On the contrary, Mr Modi took the tough path of rejecting all requests for patronage. No doubt he made many enemies in the process. But the people as a whole could see that there were no favourites in his regime.
The culture of patronage has led to competitive bidding for vote-banks. The SP and the Congress in Uttar Pradesh, the Congress and the Left Front in West Bengal and Kerala, the Congress in Andhra Pradesh and the DMK in Tamil Nadu -- all are competing to be seen as benefactors of minorities, going to the extent of supporting the Muslim orthodoxy and religious extremism behind the façade of being 'progressive'. But the more they give, the more the beneficiaries want to extract. It finally leads to a stage where the ark of patronage collapses on its perpetrators and the state is on a permanent siege. The vote-banks transform into instruments of vote auction, if not vote blackmail.
The Congress is bemoaning that it did not have a local leader to match Mr Modi's charisma. The party refuses to ask itself the obvious questions. One, why does it fail to create even one such State-level leader not just in Gujarat but also in other States? Two, why does it fail to discover the inability of its chosen 'Prince of Wales' to capture the imagination of either Uttar Pradesh or Gujarat?
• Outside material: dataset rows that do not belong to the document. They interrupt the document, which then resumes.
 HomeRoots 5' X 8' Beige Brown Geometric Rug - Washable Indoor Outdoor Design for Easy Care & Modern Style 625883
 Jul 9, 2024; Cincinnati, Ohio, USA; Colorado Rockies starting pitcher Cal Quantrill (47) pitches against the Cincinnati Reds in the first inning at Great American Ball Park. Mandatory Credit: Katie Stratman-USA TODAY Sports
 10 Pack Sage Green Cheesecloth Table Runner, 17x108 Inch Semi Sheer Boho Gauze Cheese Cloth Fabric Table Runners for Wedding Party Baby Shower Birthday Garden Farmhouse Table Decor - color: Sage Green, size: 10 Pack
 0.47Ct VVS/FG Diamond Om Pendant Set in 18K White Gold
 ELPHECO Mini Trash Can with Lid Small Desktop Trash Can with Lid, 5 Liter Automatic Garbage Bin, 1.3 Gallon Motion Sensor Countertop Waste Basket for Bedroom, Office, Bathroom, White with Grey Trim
The answer to both is the same: The Congress has deviated from its roots. Under the Mahatma, it threw up leaders at all levels from a dozen national-level leaders to panchayat-level ones. The party now lives on the charisma of a single family.
How can leadership grow at the grassroots and rise in stature nationally when the top slot is invariably reserved for one single family? The Congressmen are too weak to ask that question. Till they don't, they will have to depend on anti-incumbency of the previous regime, which may not always exist. It didn't in Gujarat.